[MATERIAL FOR THE TASK Boundary: Start]

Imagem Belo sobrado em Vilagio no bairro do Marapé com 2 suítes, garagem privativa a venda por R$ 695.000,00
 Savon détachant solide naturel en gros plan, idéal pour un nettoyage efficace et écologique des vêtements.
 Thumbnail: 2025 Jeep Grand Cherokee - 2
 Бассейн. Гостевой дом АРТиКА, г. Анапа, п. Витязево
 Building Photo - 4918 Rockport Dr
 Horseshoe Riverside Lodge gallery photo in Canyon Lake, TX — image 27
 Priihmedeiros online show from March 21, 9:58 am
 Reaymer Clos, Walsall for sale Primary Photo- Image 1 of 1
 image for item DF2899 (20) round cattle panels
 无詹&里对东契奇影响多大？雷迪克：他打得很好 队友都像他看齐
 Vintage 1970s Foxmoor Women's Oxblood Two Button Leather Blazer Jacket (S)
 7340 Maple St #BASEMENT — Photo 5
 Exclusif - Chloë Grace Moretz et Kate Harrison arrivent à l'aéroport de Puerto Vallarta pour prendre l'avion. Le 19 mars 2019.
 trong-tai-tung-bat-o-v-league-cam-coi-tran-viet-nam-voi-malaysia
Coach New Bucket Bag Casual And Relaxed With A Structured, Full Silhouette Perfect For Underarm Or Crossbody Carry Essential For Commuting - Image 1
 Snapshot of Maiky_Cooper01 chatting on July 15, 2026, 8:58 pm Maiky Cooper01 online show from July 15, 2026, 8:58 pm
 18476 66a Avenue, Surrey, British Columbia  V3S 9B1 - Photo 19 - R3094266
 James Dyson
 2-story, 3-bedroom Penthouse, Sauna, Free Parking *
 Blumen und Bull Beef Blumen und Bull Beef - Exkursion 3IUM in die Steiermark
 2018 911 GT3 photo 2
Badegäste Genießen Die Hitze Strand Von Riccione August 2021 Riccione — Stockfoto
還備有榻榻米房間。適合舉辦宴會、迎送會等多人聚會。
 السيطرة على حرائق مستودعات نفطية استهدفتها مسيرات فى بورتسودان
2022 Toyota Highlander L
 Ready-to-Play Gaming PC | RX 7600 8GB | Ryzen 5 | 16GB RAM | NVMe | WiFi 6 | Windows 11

[MATERIAL FOR THE TASK Boundary: End]

### THE PROBLEM
Answer with an exact copy of the lines from the one containing "Badegäste Genießen Die" through the end of the entries above, leaving out everything before.

### WRITTEN RESPONSE
Badegäste Genießen Die Hitze Strand Von Riccione August 2021 Riccione — Stockfoto
還備有榻榻米房間。適合舉辦宴會、迎送會等多人聚會。
 السيطرة على حرائق مستودعات نفطية استهدفتها مسيرات فى بورتسودان
2022 Toyota Highlander L
 Ready-to-Play Gaming PC | RX 7600 8GB | Ryzen 5 | 16GB RAM | NVMe | WiFi 6 | Windows 11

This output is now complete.